However advanced the laboratory technology, and however expert the veterinary practitioner, the critical step in any consultation or veterinary diagnostic test is communicating with the pet owner.
In the treatment of sick and injured animals, the animal’s owner is the veterinary practitioner’s greatest ally. To get the best outcome, for a companion animal or a commercial herd, the owner needs to fully understand what the vet is saying and what they, as continuing carer, are required to do.
48% of those surveyed didn’t feel that annual vaccination was necessary
A recent survey of 2000 cat owners showed that 60% of cat owners understood little or nothing of their cat’s health needs. The impact of this lack of knowledge is revealed in the fact that 48% of those surveyed didn’t feel that annual vaccination was necessary, while 28% didn’t vaccinate their cats all.
Questioned further on why they didn’t understand what their vets told them, the top reasons stated were: too much information given, too many big words used, the vet was too rushed, the vet was distracted by the animal, and no ‘take-away’ message given.
Understanding the vet’s message
Vets have come to rely on accurate, easy-to-read, clear-cut results from the analyses and diagnostic tests carried out in their veterinary laboratories. Veterinary test developers have invested in simple to interpret colour change tests such as the MegaCor FASTest range of diagnostic kits.
Pet owners and keepers are no different to vets in their need to quickly appreciate and trust the outcome of a diagnosis. Most pet owners might not have the specialist veterinary vocabulary.

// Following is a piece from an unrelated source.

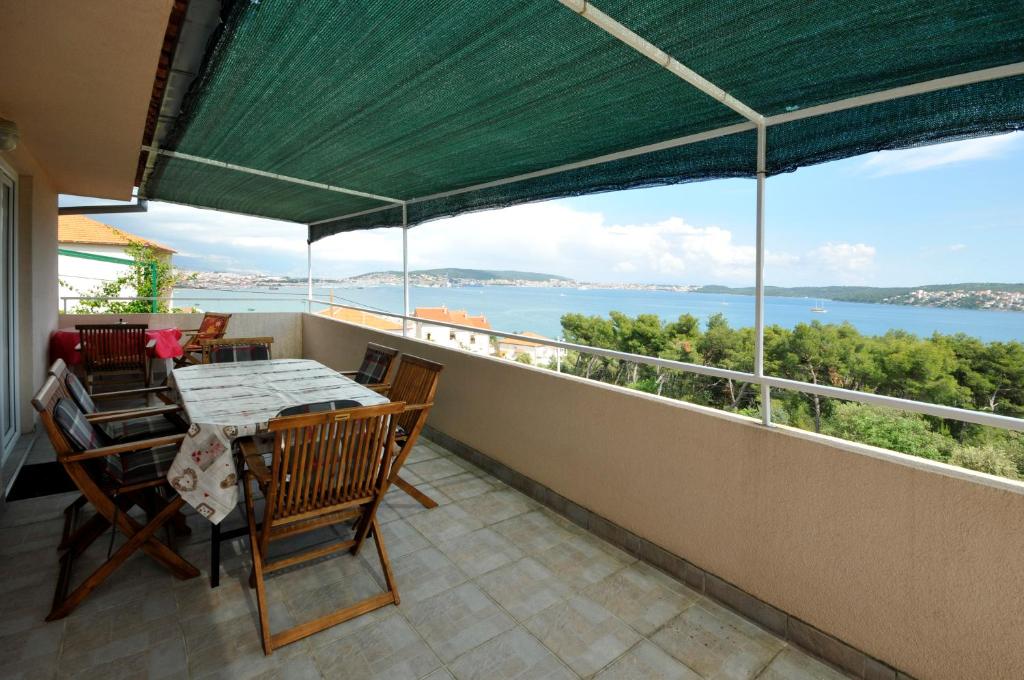 balcone con tavolo, sedie e vista sull'acqua di Apartment Sandra a Trogir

But this doesn’t mean that owners are unwilling or unable to understand the vet’s message when it’s given in the right words and the right language.
Communicating with the pet owner is clearly the key
Like the colour change diagnostic, keeping the message clear and simple is the key. Something visible to look at is also a good way to focus the attention – of the vet as well as the keeper, on the information to be shared. If it’s practical and safe, the keeper could be shown the diagnostic, allowed to handle the X-ray photograph or talked through the printout.
It might be appropriate to talk to the owner in the absence of the pet or other distraction to either party. Perhaps most important is for the vet to pose the question: ‘So what?’ on behalf of the pet owner. Asking: ‘So what does the diagnosis mean for the animal?’ ‘What does it mean for the owner?’ And most importantly: ‘What I, the owner, need to do now?’
The unreadable character of medical doctors’ handwriting has been a standing joke for many years, but not for anyone who’s ever received the wrong prescription. For the vet trying to translate the clear-cut results of a veterinary diagnostic test into clear improvements in an animal’s health and welfare, communicating with the pet owner is clearly the key.